INSTRUCTIONS FOR THE TASK => When a picture appears in the listing, leave it out and copy the rest exactly as it stands.

PROVIDED DATA =>
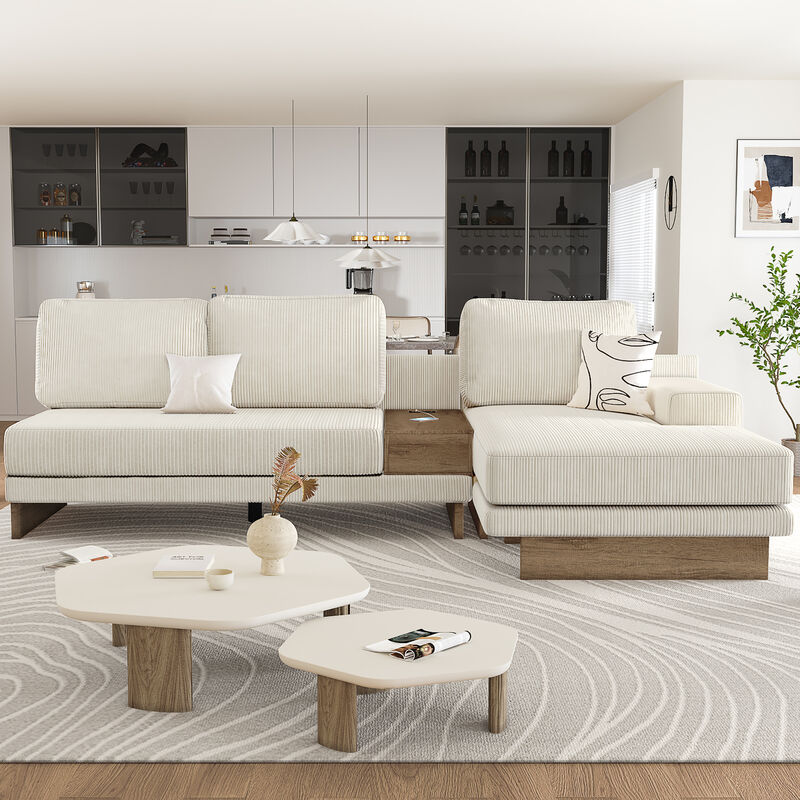 Merax L-shaped Sofa Sectional Sofa with Two USB Ports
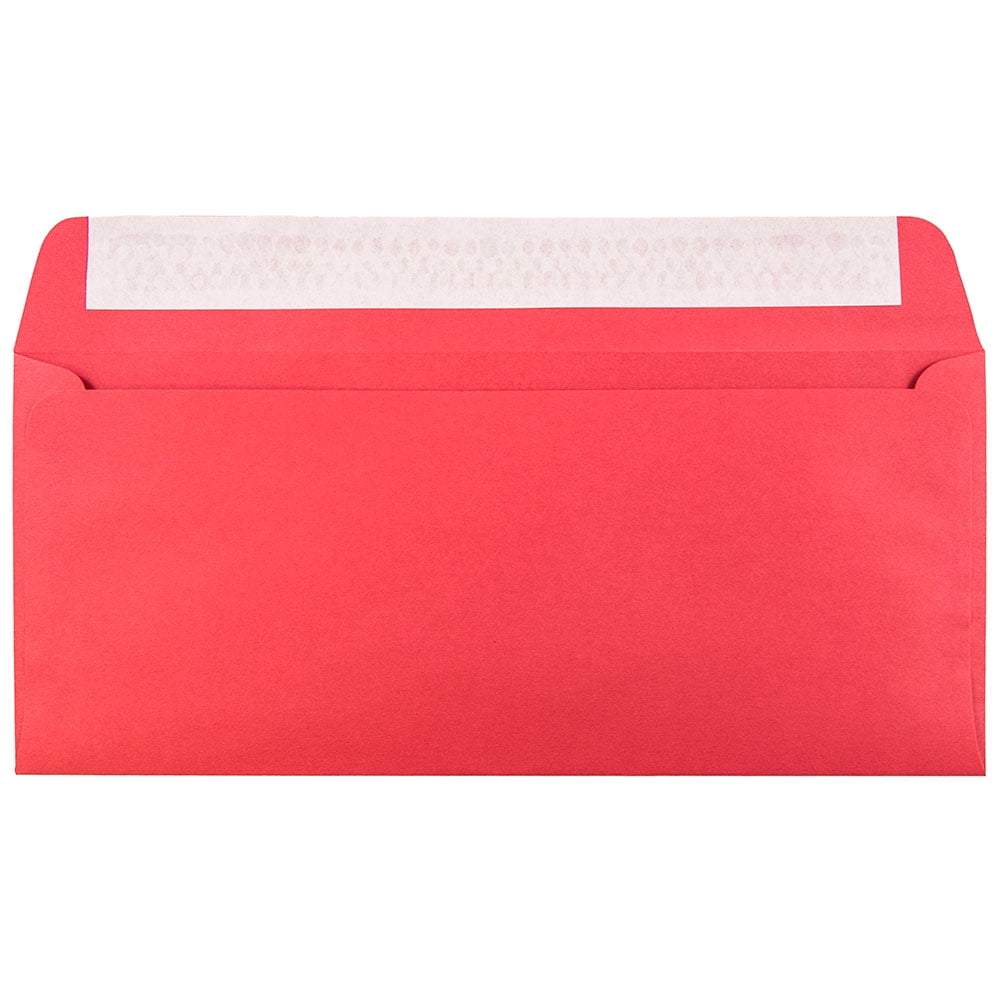 JAM Paper No. 10 Envelopes, 4 1/8 x 9 1/2, Red, 1000/Carton, Peel & Seal
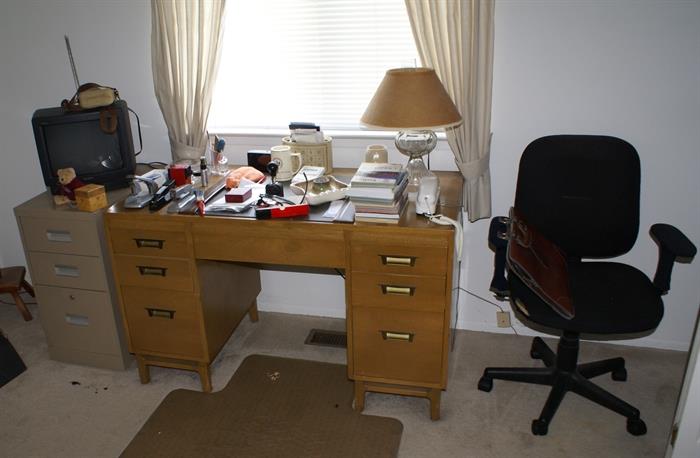 Retro Desk, Metal File Cabinet & Black Office Chair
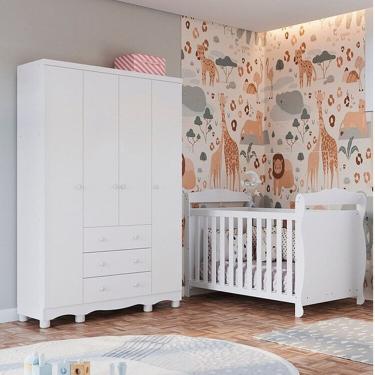 Imagem de Quarto de Bebê com Guarda-roupa 4 Portas e Berço Minicama 100% Mdf Nina Espresso Móveis Branco Brilho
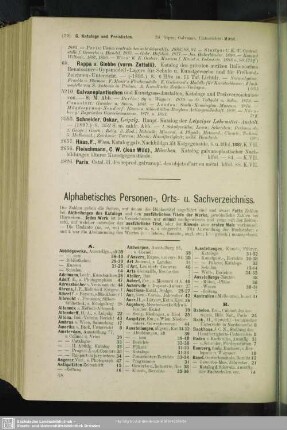 Alphabetisches Personen-, Orts- u. Sachverzeichniss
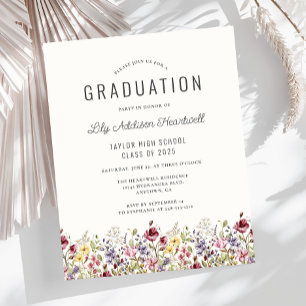 Budget Boho Wildflowers Ivory Grad Party Invite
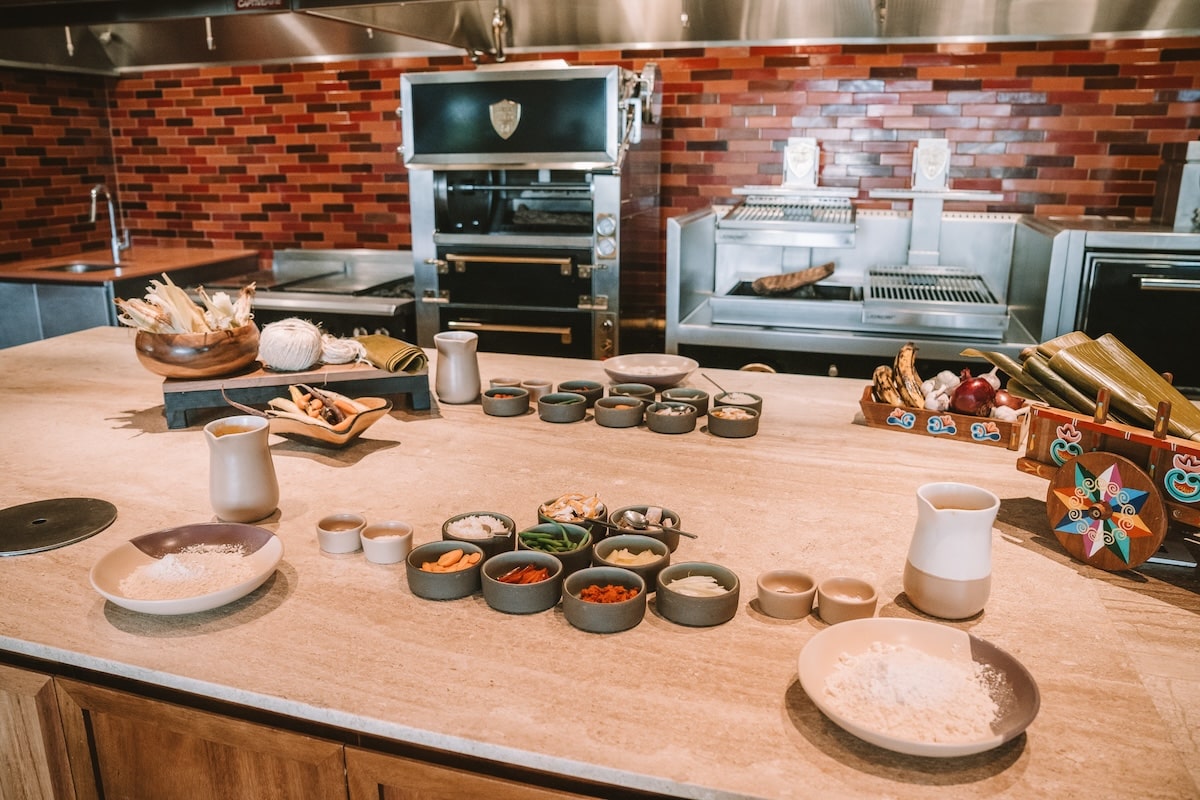 Setup on chef's table of tamale making cooking class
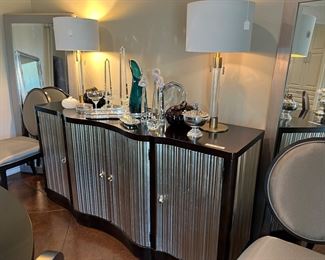 BERNHARDT BUFFET WITH SHINY RIBBED DOORS AND BLACK TRIM.  SO PRETTY!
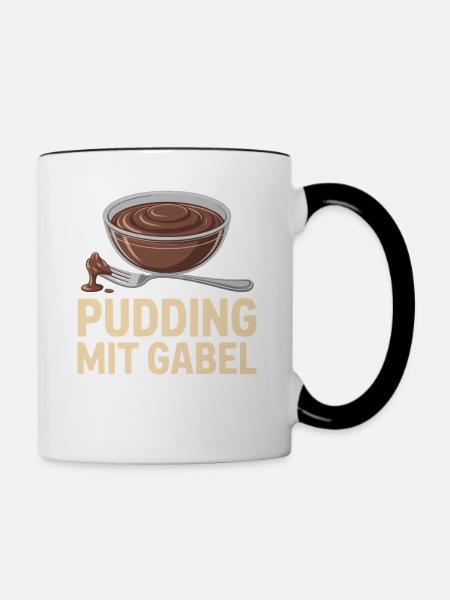 Pudding Mit Gabel - Tasse zweifarbig - Weiß/Schwarz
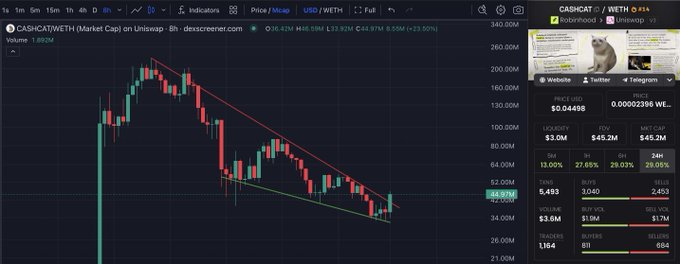 The image shows a TradingView chart of $CASH/WETH (CashCat) on Uniswap V2, displaying an 8-hour candlestick pattern with a descending trend and a green trendline suggesting potential reversal near $48.97, paired with a DexScreener panel showing a $46.98M market cap and 23.50% gain. The accompanying post asks "What if $CASHCAT," which directly references this chart as the trader explores the possibility of the downtrend reversing.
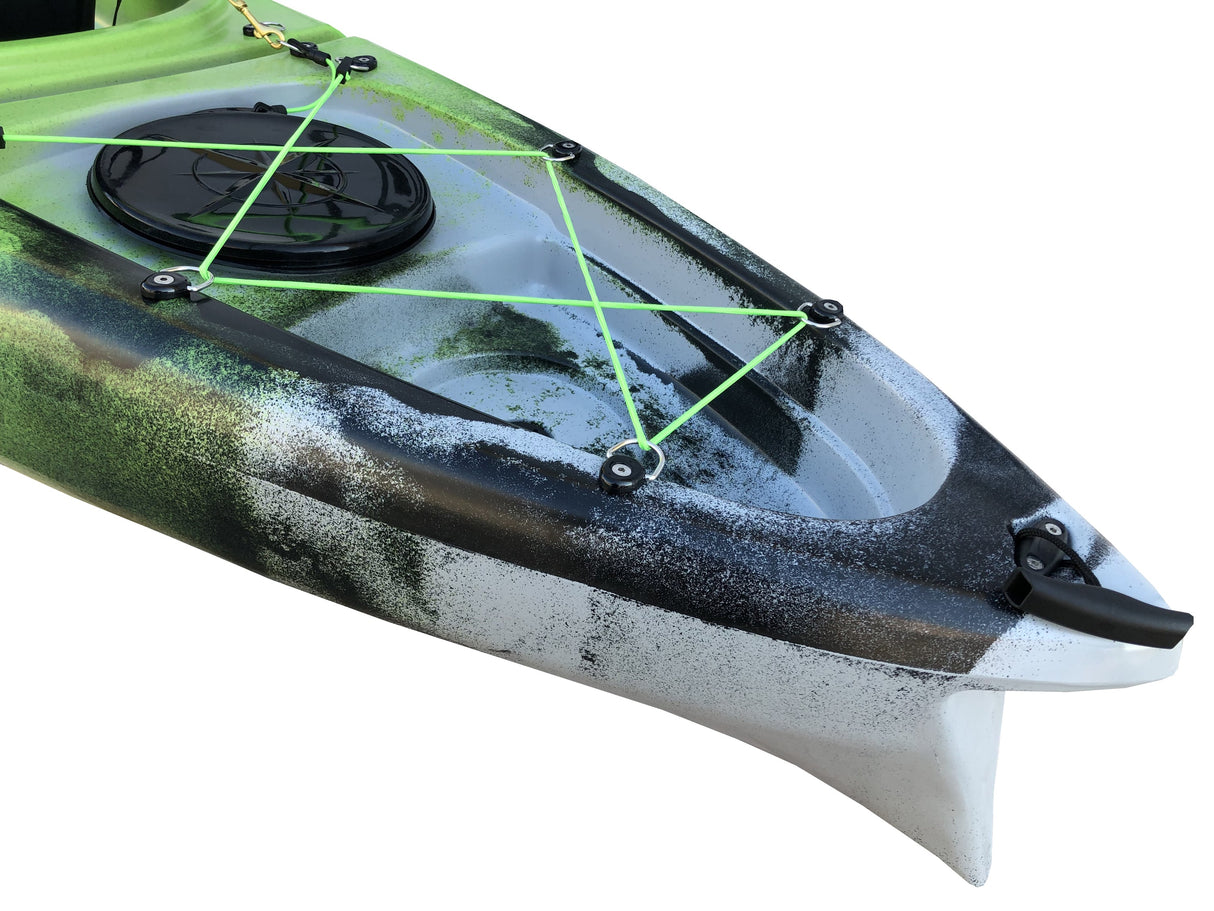 CANOA 1 POSTO SINGOLO ACQUAPRIMA FISHING LIMITED EDITION BIG MAMA KAYAK, MONOPOSTO 310 CM + 3 PORTACANNE + 2 GAVONE + 1 PAGAIA + 1 SEGGIOLINO (FULL PACK) - SNAKE GREEN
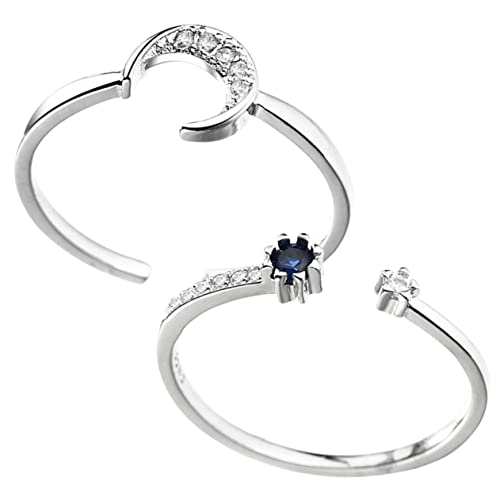 TEMPNAP 2Stücke Verstellbare Offene Ringe für Damen Kreative Moderinge mit Blauem Mondmotiv für Hochzeiten Partys TEMPNAP 2Stücke Verstellbare Offene Ringe für Damen Kreative Moderinge mit Blauem Mondmotiv für Hochzeiten Partys von TEMPNAP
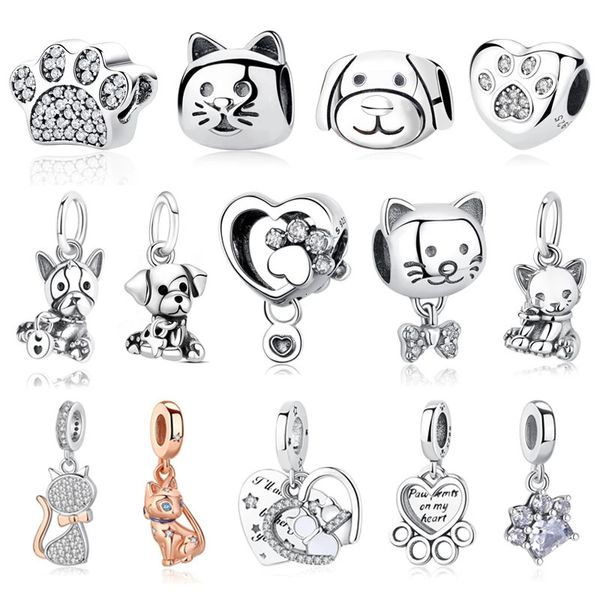 As contas de charme de cor prata são adequadas para colar de pulseira, filhote de cachorro, amor feminino DIY Jewelry Charm 240408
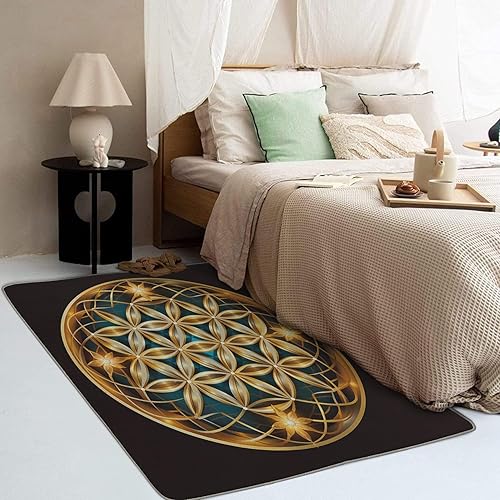 Miniatura 3 de Alfombras abstractas para sala de estar, alfombra abstracta y decoración del hogar, alfombra de 6 x 9 pies, alfombras negras y doradas para sala de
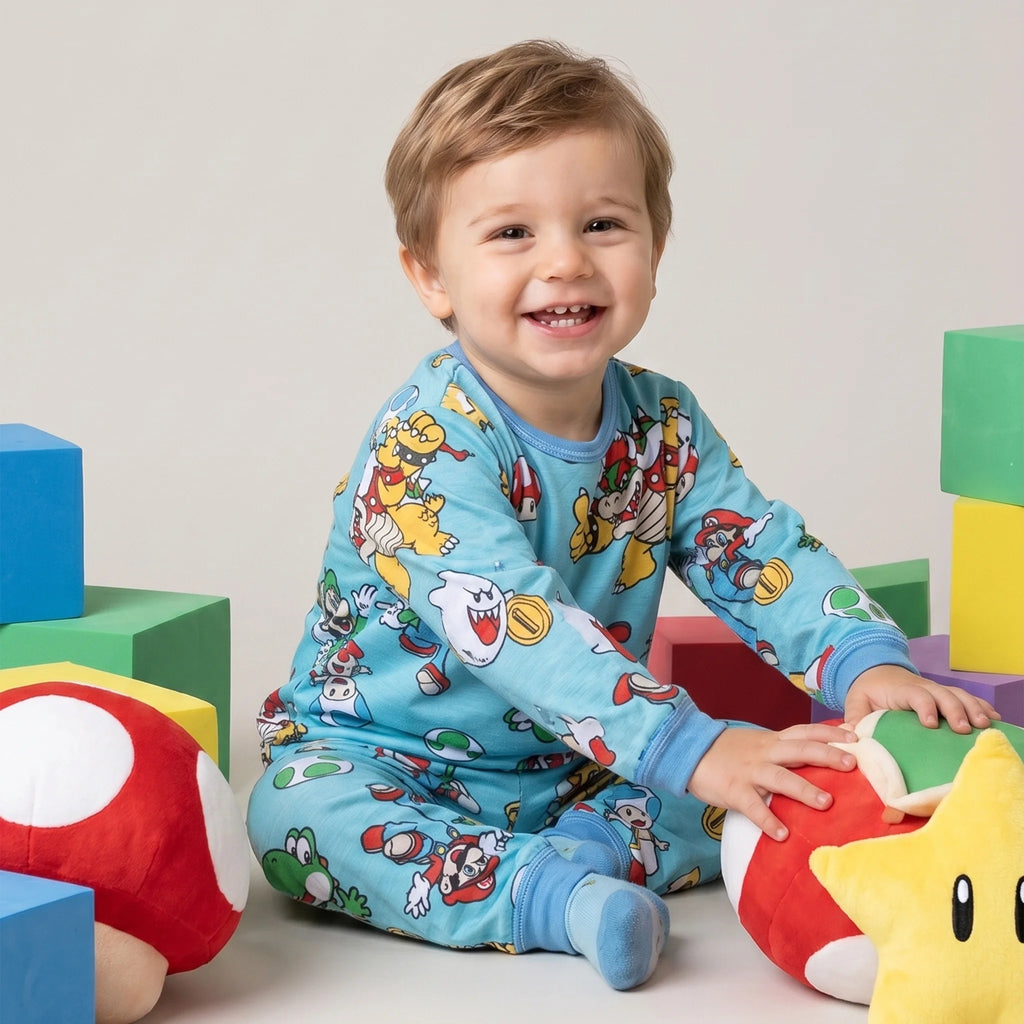 Pijama Longo Masculino Infantil - Estampa Mario Bros - 028012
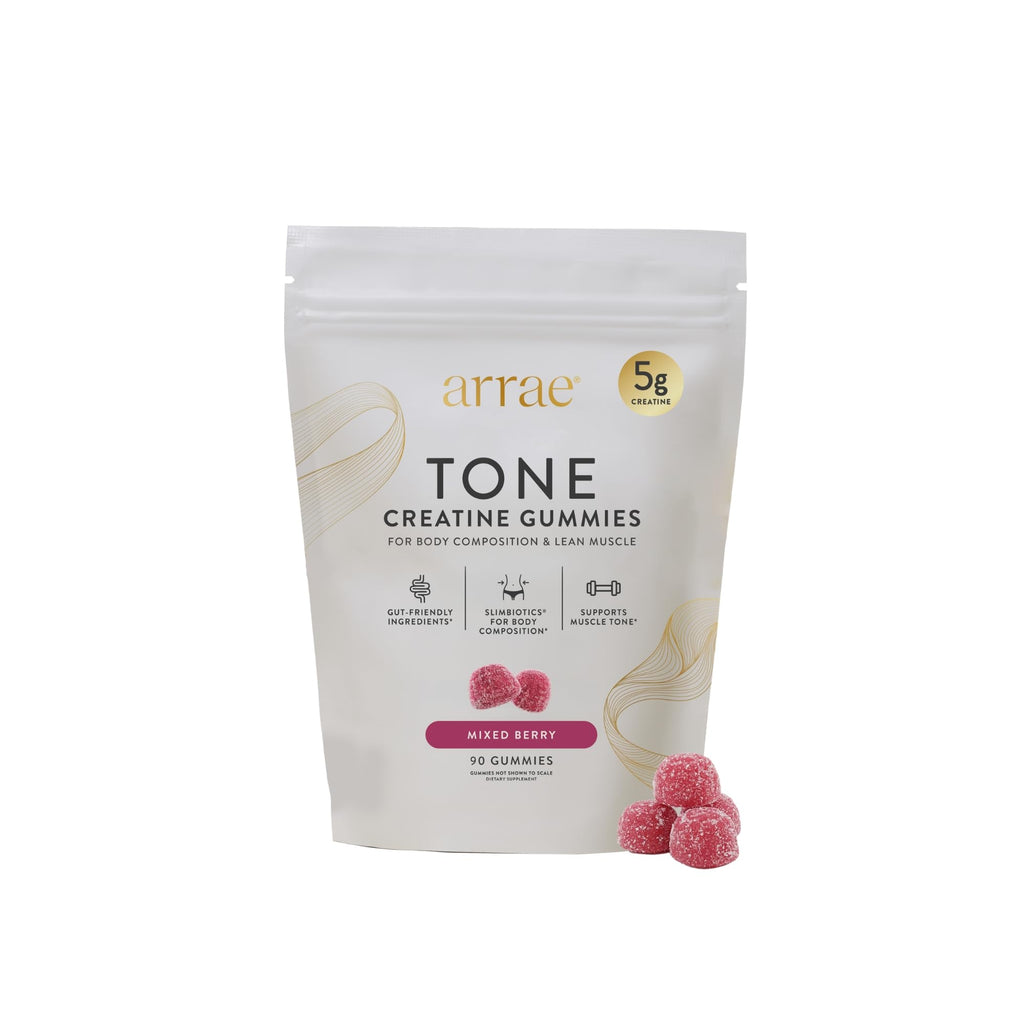 Arrae Tone Gummies – Creatine Monohydrate 5g for Women – Support Lean Muscle, Strength & Recovery – Hormone-Friendly Muscle Toning Supplement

OUTPUT FOR THIS EXERCISE =>
 Merax L-shaped Sofa Sectional Sofa with Two USB Ports
 JAM Paper No. 10 Envelopes, 4 1/8 x 9 1/2, Red, 1000/Carton, Peel & Seal
 Retro Desk, Metal File Cabinet & Black Office Chair
 Imagem de Quarto de Bebê com Guarda-roupa 4 Portas e Berço Minicama 100% Mdf Nina Espresso Móveis Branco Brilho
 Alphabetisches Personen-, Orts- u. Sachverzeichniss
 Budget Boho Wildflowers Ivory Grad Party Invite
 Setup on chef's table of tamale making cooking class
 BERNHARDT BUFFET WITH SHINY RIBBED DOORS AND BLACK TRIM.  SO PRETTY!
 Pudding Mit Gabel - Tasse zweifarbig - Weiß/Schwarz
 The image shows a TradingView chart of $CASH/WETH (CashCat) on Uniswap V2, displaying an 8-hour candlestick pattern with a descending trend and a green trendline suggesting potential reversal near $48.97, paired with a DexScreener panel showing a $46.98M market cap and 23.50% gain. The accompanying post asks "What if $CASHCAT," which directly references this chart as the trader explores the possibility of the downtrend reversing.
 CANOA 1 POSTO SINGOLO ACQUAPRIMA FISHING LIMITED EDITION BIG MAMA KAYAK, MONOPOSTO 310 CM + 3 PORTACANNE + 2 GAVONE + 1 PAGAIA + 1 SEGGIOLINO (FULL PACK) - SNAKE GREEN
 TEMPNAP 2Stücke Verstellbare Offene Ringe für Damen Kreative Moderinge mit Blauem Mondmotiv für Hochzeiten Partys TEMPNAP 2Stücke Verstellbare Offene Ringe für Damen Kreative Moderinge mit Blauem Mondmotiv für Hochzeiten Partys von TEMPNAP
 As contas de charme de cor prata são adequadas para colar de pulseira, filhote de cachorro, amor feminino DIY Jewelry Charm 240408
 Miniatura 3 de Alfombras abstractas para sala de estar, alfombra abstracta y decoración del hogar, alfombra de 6 x 9 pies, alfombras negras y doradas para sala de
 Pijama Longo Masculino Infantil - Estampa Mario Bros - 028012
 Arrae Tone Gummies – Creatine Monohydrate 5g for Women – Support Lean Muscle, Strength & Recovery – Hormone-Friendly Muscle Toning Supplement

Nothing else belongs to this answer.